HL Deb 19 February 1903 vol 118 cc259-62

My Lords, I desire to take this, the earliest opportunity open to me, to ask the Lord Chancellor whether it is the intention of His Majesty's Government to re-introduce, at an early date, with the view of its becoming law before the end of the current session, the Prevention of Corruption Bill, the principle of which has already been affirmed in this House, and which aims at making the acceptance, or the offer, of a secret commission a criminal offence. I would further like to express a hope that the noble and learned Lord may see his way to give an assurance to the House that he will not only introduce the measure at an early date, but use his great influence to secure its passage during the current session. Last year I had the honour to serve on a departmental Committee of the War Office on canteen contracts; and the evidence taken in the course of that inquiry disclosed a state of things so grave that I hold it would be a scandal if any delay were allowed to occur before this House took the necessary action to make this form of corruption a criminal offence. I am convinced that the practice of accepting and offering secret commissions is nothing short of a canker attacking the vitals of our commerce. I hold it to be the duty of this House to take such prompt and vigorous action as will rally behind it public opinion of a strong enough character to enable us to force this Bill through the other House of Parliament, notwithstanding the apathy and hostility it may have to encounter there. I cannot believe that a Bill on the subject will meet with any opposition in the other House. I have been requested by the great body of co-operators who, as your Lordships are aware, number 7,000,000 of the population, to ask the noble and learned Earl what are the intentions of the Government with respect to this subject, and to express a hope that the Government will in the interest of honest trading endeavour to secure the passage of a Bill through Parliament.

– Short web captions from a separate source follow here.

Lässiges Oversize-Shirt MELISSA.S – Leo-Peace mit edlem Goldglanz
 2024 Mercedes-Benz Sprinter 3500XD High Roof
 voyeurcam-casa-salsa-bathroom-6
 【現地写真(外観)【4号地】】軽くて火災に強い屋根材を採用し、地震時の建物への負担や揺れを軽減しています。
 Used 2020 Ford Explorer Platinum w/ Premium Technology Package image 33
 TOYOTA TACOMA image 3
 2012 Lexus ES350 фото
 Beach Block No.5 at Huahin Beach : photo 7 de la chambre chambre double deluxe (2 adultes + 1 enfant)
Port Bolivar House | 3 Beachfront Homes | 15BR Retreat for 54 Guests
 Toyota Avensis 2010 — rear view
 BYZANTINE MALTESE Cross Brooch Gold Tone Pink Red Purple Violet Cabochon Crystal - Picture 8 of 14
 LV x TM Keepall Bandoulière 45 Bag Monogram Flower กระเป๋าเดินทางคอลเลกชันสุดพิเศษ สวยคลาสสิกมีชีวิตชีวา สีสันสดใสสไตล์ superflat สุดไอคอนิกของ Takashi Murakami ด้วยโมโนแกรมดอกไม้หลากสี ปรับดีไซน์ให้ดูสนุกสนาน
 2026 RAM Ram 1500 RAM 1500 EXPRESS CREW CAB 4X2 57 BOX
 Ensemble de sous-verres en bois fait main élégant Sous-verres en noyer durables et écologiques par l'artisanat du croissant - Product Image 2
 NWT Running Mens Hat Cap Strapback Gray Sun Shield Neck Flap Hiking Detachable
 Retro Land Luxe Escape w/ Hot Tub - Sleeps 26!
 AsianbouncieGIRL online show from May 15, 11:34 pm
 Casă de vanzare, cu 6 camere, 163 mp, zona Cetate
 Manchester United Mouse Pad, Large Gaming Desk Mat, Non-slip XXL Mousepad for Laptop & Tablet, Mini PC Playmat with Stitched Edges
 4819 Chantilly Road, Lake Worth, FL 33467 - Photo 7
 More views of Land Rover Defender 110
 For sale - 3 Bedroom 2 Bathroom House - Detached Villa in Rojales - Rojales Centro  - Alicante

My Lords, before the noble and learned Lord on the woolsack answers the question that has been put on him, I wish to join in the noble Earl's appeal. Your Lordships will remember that two years ago I myself introduced a Bill of a somewhat ambitious character, which was identically the same as the Bill introduced by the late Lord Chief Justice, Lord Russell of Killowen. When I withdrew that Bill the noble and learned Earl was good enough to introduce a Bill dealing with the matter from a less ambitious point of view, but grappling with the main difficulties. I believe that Bill passed your Lordships' House, though it was not possible, owing to the pressure of public business, to pass it through the other House. Since then I have received, and am constantly receiving, appeals of the same kind as those received by the noble Earl opposite. A mass of material was collected by the late Lord Chief Justice, which goes on gathering in amount from month to month, and I am satisfied that the language used by the noble Earl as to the extent of the evil is in no way exaggerated. I should like to join in the appeal to the noble and learned Earl on the Woolsack to do his utmost to pass, at any rate, a measure which will lay down the principle we contend for and make the way more easy for further legislation.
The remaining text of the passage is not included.